Incredibly, Jesus, in Luke 22:28-30, told his disciples that they would share in the kingdom with him. Jesus told them as the Father God assigned the Kingdom to Jesus, he would assign it to his disciples to rule with him on thrones judging the twelve tribes of Israel. In Romans 8:16-17 Paul, talking to all believers, tells us, "The Spirit bears witness with our spirit that we are children of God and if children then heirs, heirs of God and fellow heirs with Christ..."

Colossians 3:4 states, "...your life is hidden with Christ in God. When Christ, who is your life appears, then you also will appear with him in glory..." In Daniel 7:27, we read; "the kingdom and the dominion and the greatness of the kingdoms under the whole heaven shall be given to the people of the Most High God." Christ and his people are one.

When Saul was persecuting Jewish Christians, Jesus confronted him on the road to Damascus. Did Jesus ask Saul why he was persecuting his followers? No, he said, "Saul, Saul why are you persecuting me?"

So we not only escape hell by believing in Jesus, we inherit a part in the Son of Man's everlasting kingdom. Can you imagine the beauty of this kingdom? Picture the joy, peace, and energy that we will experience in our resurrected and incorruptible bodies.

The Implications of Psalm 2

Turning back to Psalm 2 and starting in verse 4 to the end of the psalm, we read how God feels about the rebellious nations:

The One enthroned in heaven laughs;
the Lord scoffs at them.

Then he rebukes them in his anger
and terrifies them in his wrath, saying,

"But as for Me, I have installed my King
Upon Zion, my holy hill."

I will proclaim the decree of the LORD:
He said to me, "You are my Son; Today I have become your Father.

Ask of me, and I will make the nations your inheritance,
The ends of the earth your possession.

You will rule them with an iron scepter;
You will dash them to pieces like pottery."

Therefore, you kings, be wise;
Be warned, you rulers of the earth.

Serve the LORD with fear
And rejoice with trembling.

Kiss the Son, lest he be angry and you be destroyed in your way,
For his wrath can flare up in a moment.
Blessed are all who take refuge in him.

If God warns the rulers of the earth to be wise and worship the Lord and to show reverence to His Son, how much more should we commoners submit to Christ's authority? Jesus will return: He is the stone that becomes an earth-covering mountain in Daniel 2. His kingdom will cover the whole earth. He is the Son of Man in Daniel 7, who deserves to be worshipped and served by all people of every tribe and nation.

He is the rock of our salvation that cannot be moved.

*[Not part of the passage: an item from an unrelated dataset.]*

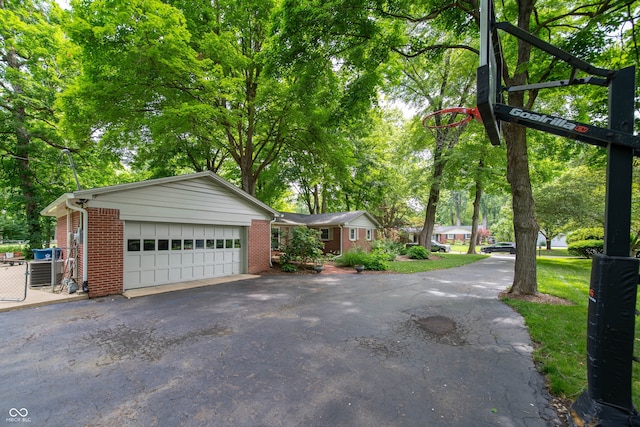 7224 N Tuxedo St, Indianapolis, IN 46240 - view of side of home with asphalt driveway, brick siding, an attached garage, and view of wooded area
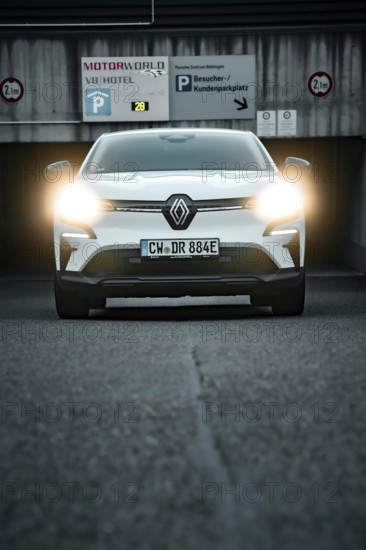 SUV with headlights switched on in front of a parking garage, front view, Deer e-Carsharing, Renault Megane, Calw, Germany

In Luke 20:17, Jesus says he is the cornerstone that the leaders of Israel will reject. He goes on in verse 18 to give a warning through the imagery of this stone. Since he is the head of the building of Israel, those who reject him face the judgment of God. He says,

Everyone who falls on that stone [meaning Jesus] will be broken to pieces, and when it falls on anyone, it will crush him.

It is a fearful thing to fall into the hands of the living God. Our sins will find us out; there is no hiding from the Creator of the universe who knows all our thoughts and intentions.

Kingdom citizens, rejoice in your future! However, if you have not submitted yourself to God's sovereignty and His rightful reign over your life through faith in the promised Son of Man, you will not take part his glorious kingdom future. Now is the acceptable time of your surrender to the Son of Glory, the Son of Man. Seek the Lord while He can be found. Submit to the King of kings and turn from your wicked ways.